Remember the saying "don't fight the trend"...fighting the highly speculative and leveraged crypto market can be a particularly frustrating experience and, as it stands, the trend is pointing to further gains. The Bitfinex & Tether developments have been a net negative but the IEO announcement by the exchange is a good reminder of the amount of capital still on the sidelines which can be deployed at such short notice. Do not underestimate the power of crypto FOMO, it is Alan Greenspan's version of irrational exuberance but on steroids!
Being a contrarian can be profitable when market valuations are at extreme levels and in periods of heightened volatility. However, going against the grain can also be a very expensive endeavor. While the underlying thesis might be correct on paper, the market can stay “irrational” for a longer period than what your pocket can afford to keep up with. Another factor to consider is the correlated nature of the market, which not only makes “stock/crypto” picking notoriously difficult but also creates a vicious feedback loop as new money ends up chasing the same assets, as well as related tracking products.
On a more somber note, yet another exchange has been hacked, this time Binance. The attack is a good reminder of the dangers and risks that users are exposed to, that even the largest cryptocurrency exchange is not invincible to such threats. Per Binance, hackers employed a variety of tactics including phishing and viruses to obtain a large number of 2FA codes and API keys in addition to other information. According to the exchange, the attack affected a particular transaction, wherein hackers were able to withdraw 7,000 bitcoins (BTC) worth $40,705,000 at press time. In a letter posted to Binance’s website, CEO Changpeng Zhao stated that the bitcoins were withdrawn from hot wallets which contain only 2% of the exchange’s total bitcoin holdings. Zhao stated that Binance’s other wallets were unaffected. As to be expected, the market reacted negatively to the news but the move lower was gradually pared during overnight trading hours and now Bitcoin is trading within touching distance of the $6,000 level.

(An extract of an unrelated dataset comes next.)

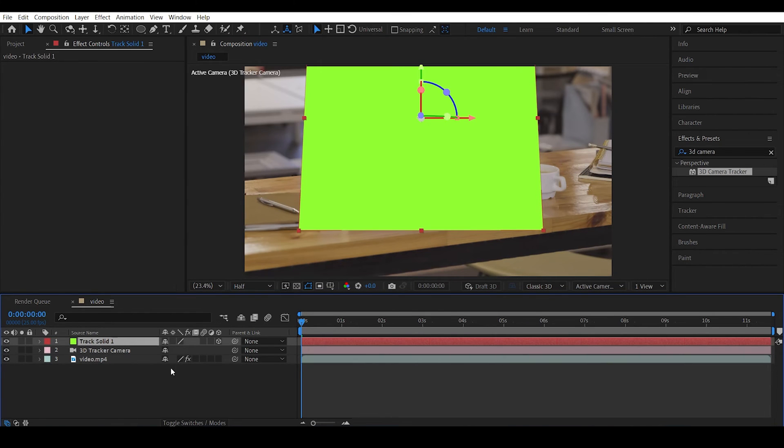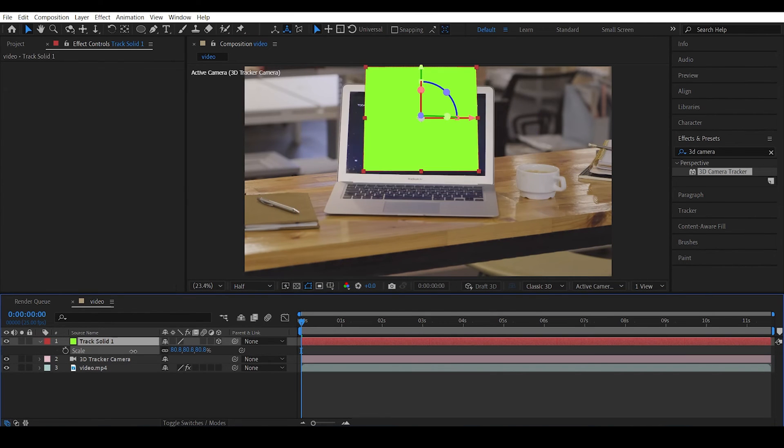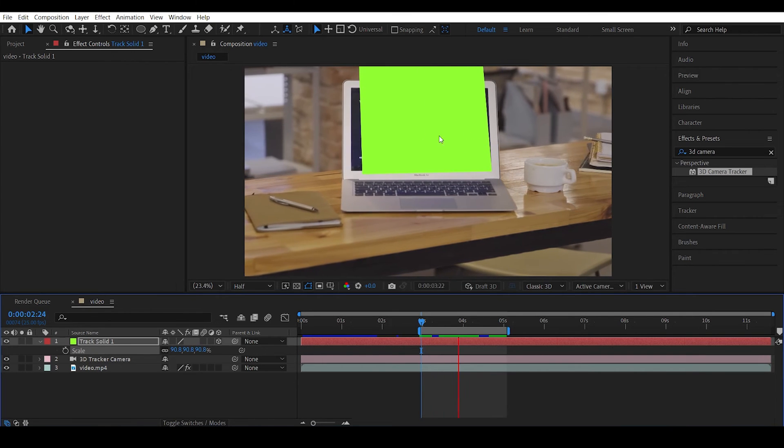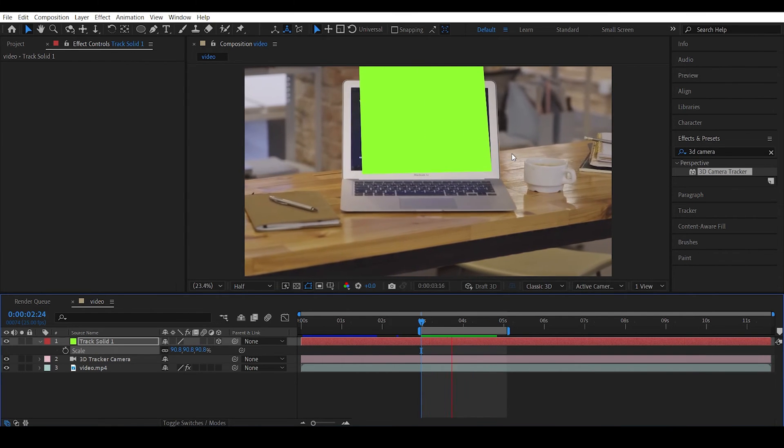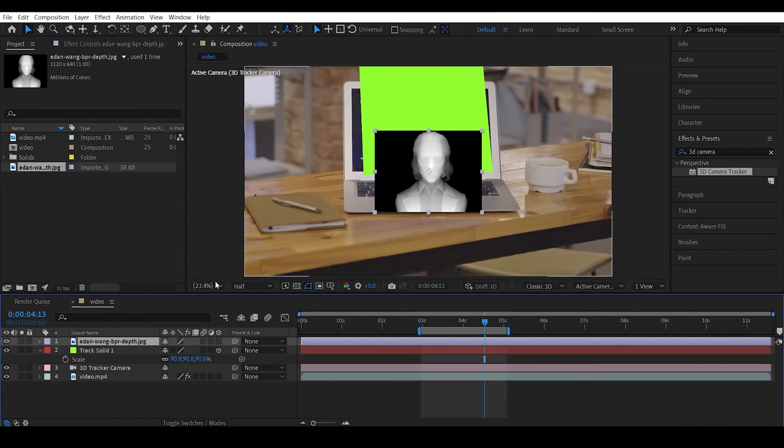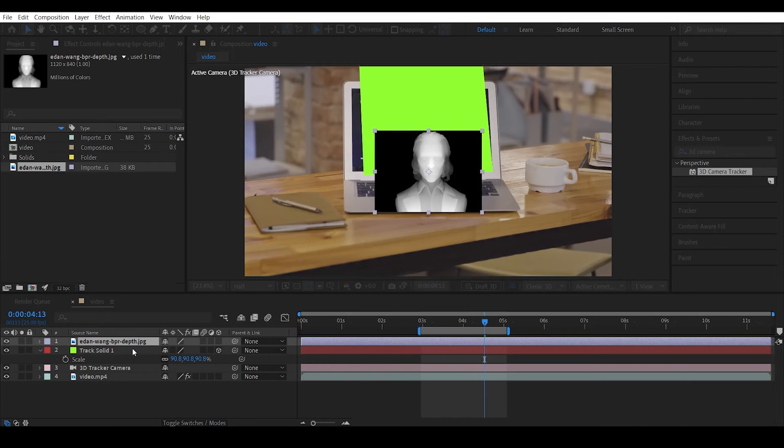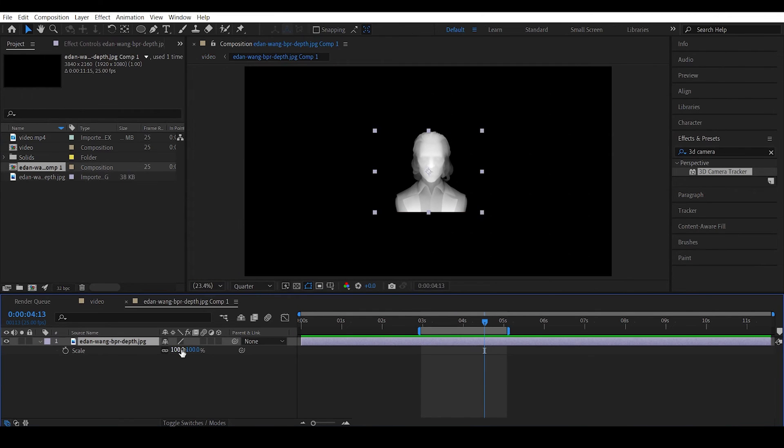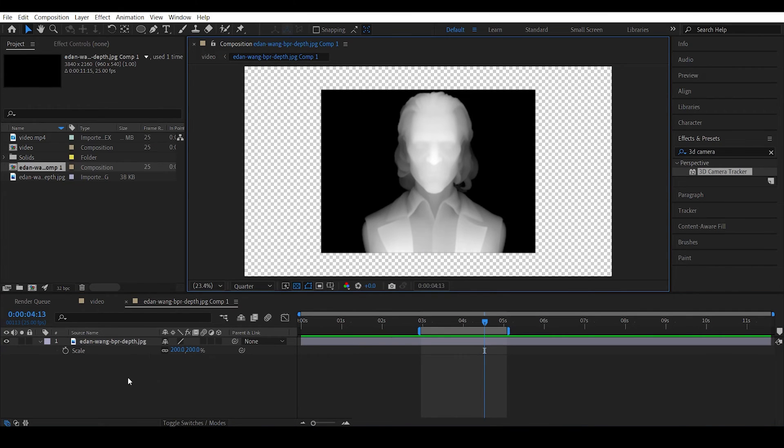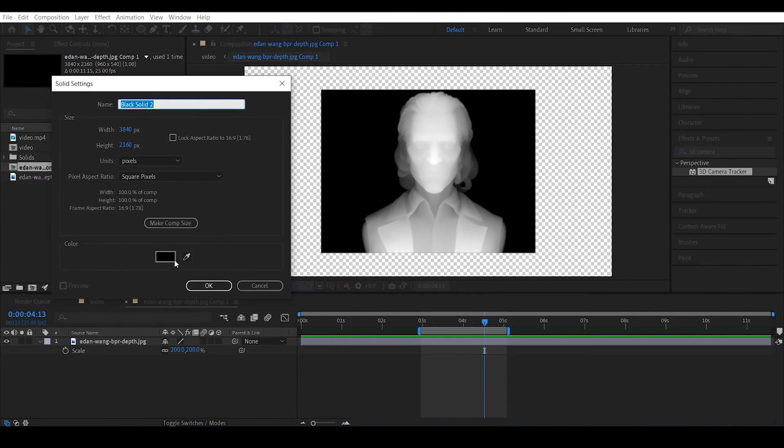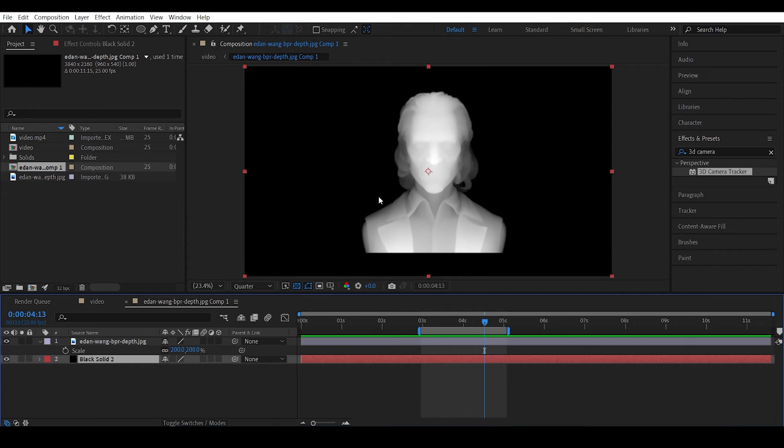Decrease the scale of the solid. So there you go, we have a tracked solid inside our scene. Okay, now let's import the same depth map which we used before. So hit ctrl shift C, move all attributes in the new composition. And increase the scale of this to maybe like 200. Create a new solid in the background to get rid of the transparency.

In other news, the amount of ETH locked up in the MakeDAO credit ecosystem continues to decline and now stands at 1.8868% (vs. 2.11% at its highs earlier in the year). This comes amid yet another stability fee hike to 19.5% which took place on May 3rd, raising the rate from 16.5%. At the same time, the DIPOR (Decentralized Inter-Protocol Offered Rate) is trading at 19.21%. Similarly to traditional markets, in time such metrics are going to become even more important in gauging investor sentiment towards various assets and products.

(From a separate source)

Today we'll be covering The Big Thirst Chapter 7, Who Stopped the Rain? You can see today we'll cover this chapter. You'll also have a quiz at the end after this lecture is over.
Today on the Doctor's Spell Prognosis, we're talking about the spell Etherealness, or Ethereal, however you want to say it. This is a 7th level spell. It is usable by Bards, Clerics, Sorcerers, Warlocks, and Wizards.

Finally, Bitmain’s internal bitcoin mining operations are generating 88% less computing power than a month ago. Per data analyzing the hashrate of all Bitmain-owned hardware, updated once every 30 days, the SHA256 hashing algorithm — which is used in the bitcoin (BTC) mining network — has dropped from 1,692.35 quadrillion hashes per second (PH/s) in March to 237.29 PH/s as of the beginning of May. This marks a noticeable downturn in the company’s bitcoin mining power.